The kids and even Mom were cheerful at the door, where they posed for pictures, and the bus showed up at not too far off its appointed time--6:47am--so Jake wasn't left waiting forever down the block. Now, Garrett is woken up but is relatively quiet under threat of doing math sheets if he's loud, there might be a little kids awake but they have yet to figure out we're up and downstairs, I'm emailing, and Jake is chortling over Ann Coulter's latest column and it's just about 7am. Other than the fact that we're up and Mark is still asleep (jerk), it's not a bad morning so far.

We'll see how tomorrow goes--Garrett starts but does not yet have a bus pass, and neither does Alex, who starts on Monday, and dealing with the lady at Transportation in the district is always fun exercise of her telling me she can't do anything and me knowing she CAN if I can just say the right things to not piss her off but make her feel that spending a couple minutes now fixing the issue is better than putting me off and having to deal with me later, and both Alex and Duncan still claim they are not going to kindergarten or preschool (though I bet if I switched them, Alex would be fine with going to preschool and Dunc would walk into a class in which he's too young to be in, just like he happily wanted to stay last year in the very class he refuses to go to this year--once I get them in the school, slowly getting them to the proper location within the school should be no problem, right?)

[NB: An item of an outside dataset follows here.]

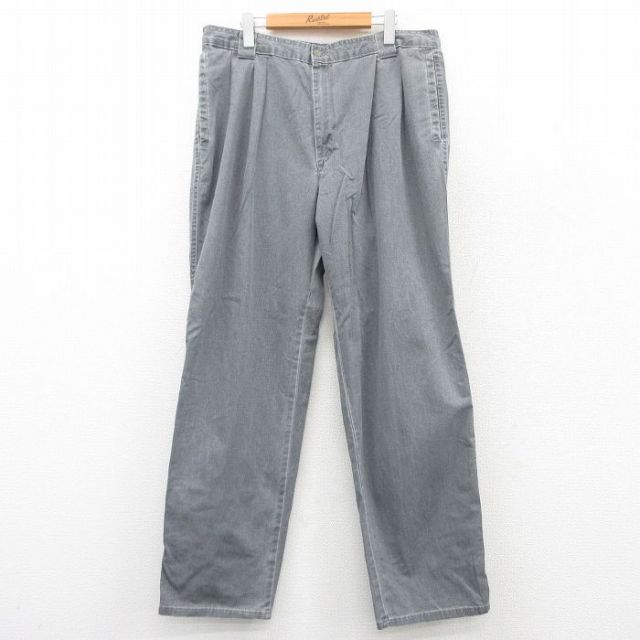 【50%OFF】W36★古着 ドッカーズ パンツ メンズ 90年代 90s コットン グレー 25may20 中古 ボトムス ロング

Dunc's stomping down the stairs--we're discovered, and the party is over.

Wednesday, September 03, 2008

Quick Alex Quote

So, Dunc starts hollering from the playroom, but since it's after 3pm and he's doing away with his nap to the misery of all around him, I'm not overly concerned. Yes, he probably thinks he got hurt, but it's extremely unlikely that I need to go to him, and he'll make his way to me to tell me what i need to kiss. Sure enough, he comes wailing mildly into the kitchen, but Alex reaches me first, to tell me hastily, "I hurt him on the head by ACCIDENT, Mom. It was only by ACCIDENT."

"You hurt him, though?"

"Yes, by ACCIDENT."

"With what?"

"The floor."

Both Cory and I can't help but giggle, which I'm trying to hide from Dunc because it will only piss him off, so I attempt a straight face as I ask, purely for Cory's entertainment, "So what, you picked up the floor and hit him with it?"

Now Alex is laughing, but I'm not sure he gets why WE think this is funny. "No, I just tickled his neck and he fell backwards."

So kisses to the back of Dunc's head and off they go. I need to make sure I don't just leave the floor lying around where the kids can get a hold of it, though.